It is a perennial amazement to me that many folks actually believe that the NIV is a "better" translation than some of the older translations, such as the KJV.
As a translation, it really is not better. It frequently attempts to convey the sense (as determined by the translation committee) at the expense of the literal expression. When it does this, it mixes the roles of translators and commentators.
Certainly, we must agree that sometimes judgment as to the sense is required when making translation, but the NIV is quite free in many places. This fact was immediately demonstrated by advocates of the traditional translations, but it seems that the word is not out there.
Likewise, we must agree that one could do far worse than the NIV. There are translations that employ deliberation mistranslation (such as the New World translation) and gender confusion (such as some of the feminist translations). There are also translations that are little more than paraphrases of an earlier English translation.
One thing that complicates the analysis is that the NIV relies on the so-called "critical text," rather than the more traditional "majority," "Byzantine," or "textus receptus" texts. In consequence of reliance on the "critical text," in some places the NIV omits material that ought to be included, though some of the omission is at least partially made up through the use of footnotes.
Another thing that complicates the analysis is that the KJV uses some terms that have become non-standard or archaic, or for which the meaning has changed over the years since the KJV was published. Typical anecdotes along this line recount the congregational bafflement over "Suffer the little children" in the KJV text. "Why would God want little children to suffer?" was the punchline question of the humorous account.
Thus, because of the challenges associated with building a varied vocabulary and understanding the beautiful intricacies of the language, some people have attempted to find versions that lack the flower language and challenging vocabulary of the KJV.
Neither of those issues, the translation source document or the wording style, is really a translation issue per se, though both issues are well connected with the translation procedure.

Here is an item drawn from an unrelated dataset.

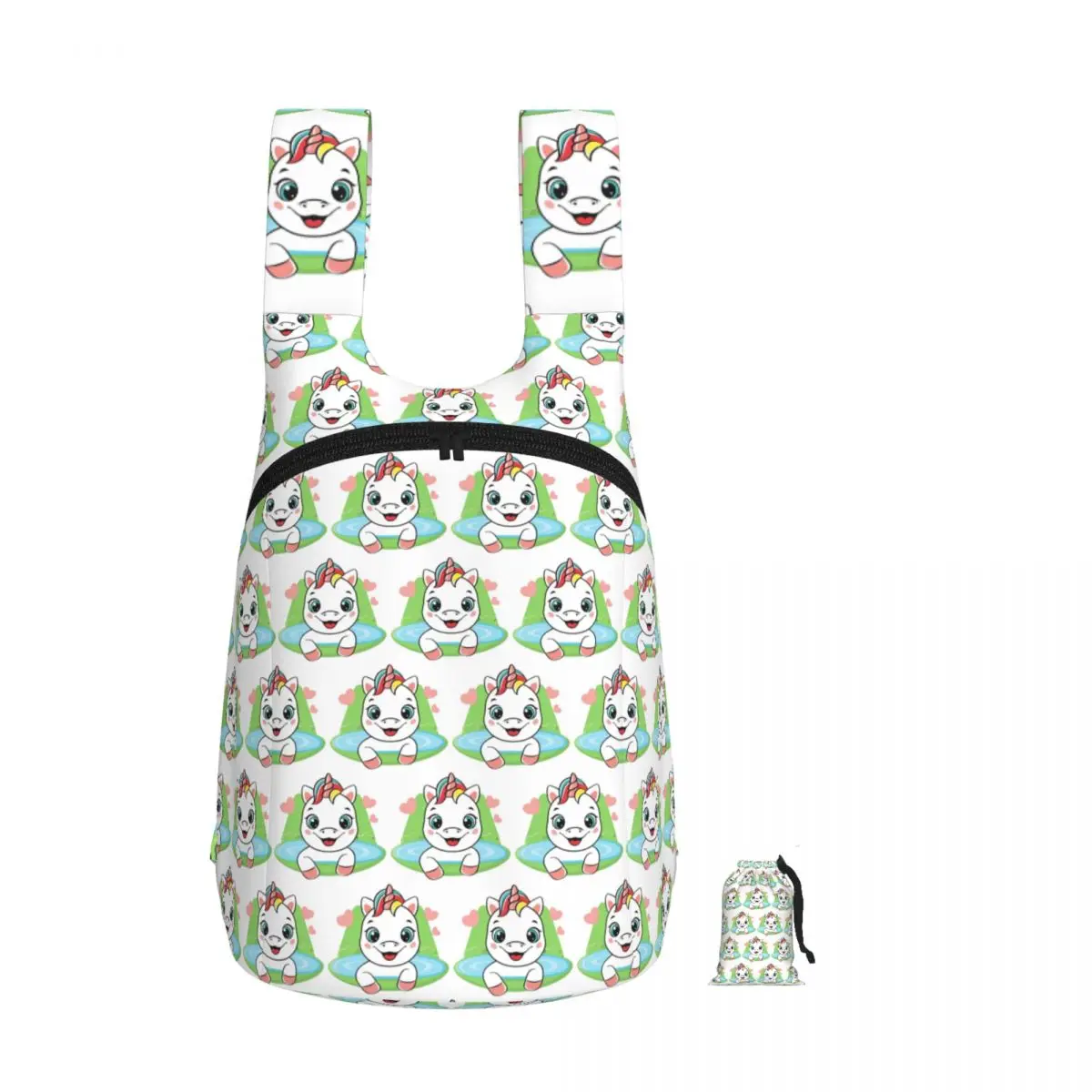 Unicorn A Magical Unicorn Journey Backpack Student Storage BookBag Children School Bag Computer Shoulder Bags for Men Women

The former is a pre-translation consideration, and the latter is a matter of expression - which is well within the freedom of the translators.
This author is not one to call it the New Idiot's Version, but the NIV is simply not that great. If one must have less flowery and precise words, more modern vocabulary, and translation based on the questionable critical texts, then go with the ESV or the NASB, not the NIV.
Please do not get this author started on the TNIV.